Sebelum pertemuan para pimpinan negara dari seluruh dunia tersebut, Indonesia mendapat sorotan tajam karena kesulitan menangani bencana kabut asap dalam waktu panjang. Bencana itu dipicu oleh aksi pembakaran hutan dan lahan gambut untuk pembukaan lahan dan pengaruh El-Nino. Alhasil, bencana itu diperkirakan meningkatkan emisi karbon secara global.
Menurut Jokowi, penurunan emisi karbon akan dilakukan melalui beberapa bidang. Pertama, di bidang energi misalnya, pengalihan subsidi harga bahan bakar minyak (BBM) ke sektor produktif. Selain itu, meningkatkan penggunaan sumber energi terbarukan hingga 23 persen dari total konsumsi energi nasional tahun 2025 mendatang. Tak ketinggalan, pengolahan sampah menjadi sumber energi alternatif.

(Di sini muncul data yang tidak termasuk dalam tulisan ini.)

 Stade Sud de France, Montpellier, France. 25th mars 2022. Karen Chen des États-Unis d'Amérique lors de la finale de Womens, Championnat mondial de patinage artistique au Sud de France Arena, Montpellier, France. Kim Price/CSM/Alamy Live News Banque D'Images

Kedua, di bidang tata kelola hutan dan sektor lahan. Caranya, menurut Jokowi, melalui penerapan one map policy, penetapan moratorium pemberian izin baru pengelolaan hutan dan meninjau ulang izin pemanfaatan lahan gambut. Selain itu, pengelolaan lahan dan hutan produksi lestari.

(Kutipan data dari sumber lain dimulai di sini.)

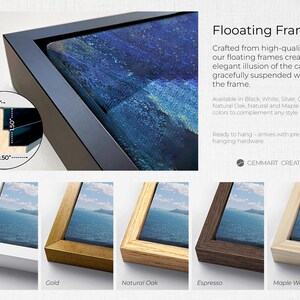 May include: Floating frames for canvas prints in various wood finishes, including black, white, gold, natural oak, espresso, and maple wood. The frames are crafted from high-quality wood and create an elegant illusion of the canvas print being suspended within the frame. The frames are ready to hang and come with pre-installed hanging hardware. Gemmart Creative.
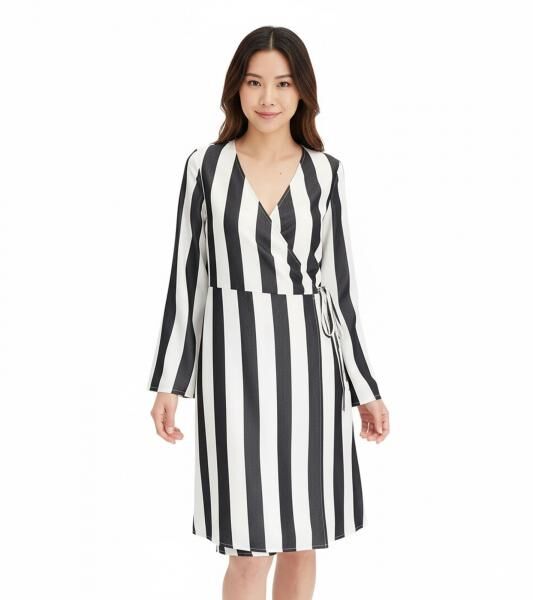 Sch&ouml;nes Streifenkleid f&uuml;r Damen Wickel-Kleid mit V-Ausschnitt Mini-Kleid 978829 Schwarz/Wei&szlig;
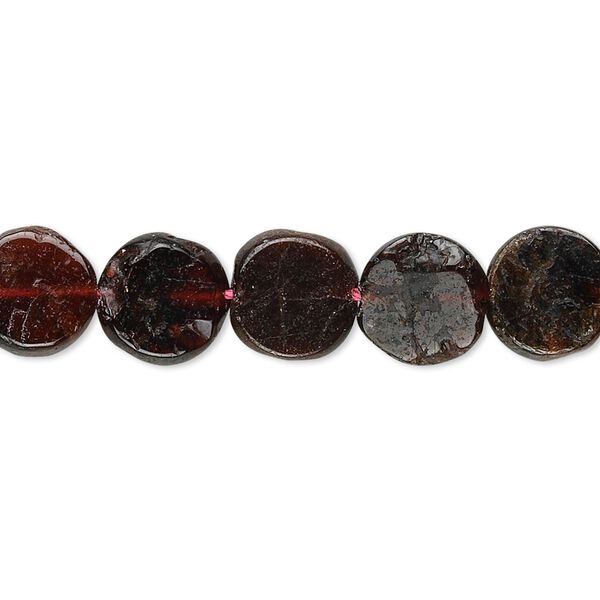 Garnet 1pkg1, hand-cut flat round bead natural 15.5-16 inch 8-10mm image number 0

Ketiga, di bidang maritime, dengan mengatasi perikanan ilegal atau IUU Fishing, dan perlindungan keanekaragaman hayati laut. “Upaya ini melibatkan seluruh masyarakat, termasuk masyarakat adat,” kata Jokowi.
Presiden Jokowi yang berbicara dalam bahasa Indonesia mengatakan, sebagai salah satu negara pemilik hutan terbesar yang menjadi paru-paru dunia, Indonesia hadir di Paris untuk menjadi bagian dari solusi. “Pemerintah yang saya pimpin akan membangun Indonesia dengan memperhatikan lingkungan,” tandasnya.

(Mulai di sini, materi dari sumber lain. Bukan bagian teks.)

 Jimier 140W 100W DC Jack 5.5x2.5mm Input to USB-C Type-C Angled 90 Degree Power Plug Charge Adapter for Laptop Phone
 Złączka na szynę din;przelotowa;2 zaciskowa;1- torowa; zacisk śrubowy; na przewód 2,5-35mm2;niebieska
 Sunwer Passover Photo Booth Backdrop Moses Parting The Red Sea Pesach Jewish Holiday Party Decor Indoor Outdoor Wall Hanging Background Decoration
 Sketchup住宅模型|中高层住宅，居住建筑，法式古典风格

Presiden juga mengemukakan, Indonesia baru-baru ini mengalami kebakaran hutan dan lahan gambut. El Nino yang panas dan kering telah menyebabkan upaya penanggulangan dan pemadaman kebakaran tersebut menjadi sangat sulit.
Untuk mengatasi masalah tersebut, Jokowi juga berkomitmen melakukan penegakan hukum secara tegas dan mempersiapkan langkah-langkah preventif yang sebagian mulai diimplementasikan. Selain itu, restorasi ekosistem gambut dengan membentuk Badan Restorasi Gambut.
Dalam pidatonya, Jokowi juga menekankan agar kesepakatan dalam konferensi di Paris tersebut harus mencerminkan keseimbangan, keadilan serta sesuai prioritas dan kemampuan nasional. Kesepakatan itu mengikat, jangka panjang dan ambisius, namun jangan sampai menghambat pembangunan negara-negara berkembang.
Demi mencapai kesepakatan Paris, semua pihak, terutama negara-negara, harus berkontribusi dalam aksi mitigasi dan adaptasi. Bentuknya melalui mobilisasi pendanaan US$ 100 miliar hingga 2020 dan ditingkatkan untuk tahun-tahun berikutnya. Selain itu, transfer teknologi ramah lingkungan dan peningkatan kapasitas.
“Mencapai kesepakatan di Paris adalah suatu keharusan. Saya mengharapkan kita semua menjadi bagian dari solusi, menjadikan bumi ini menjadi tempat yang nyaman bagi anak cucu kita, menjadikan bumi menjadi tempat yang sejahtera bagi kehidupan mereka,” kata Jokowi mengakhiri pidatonya.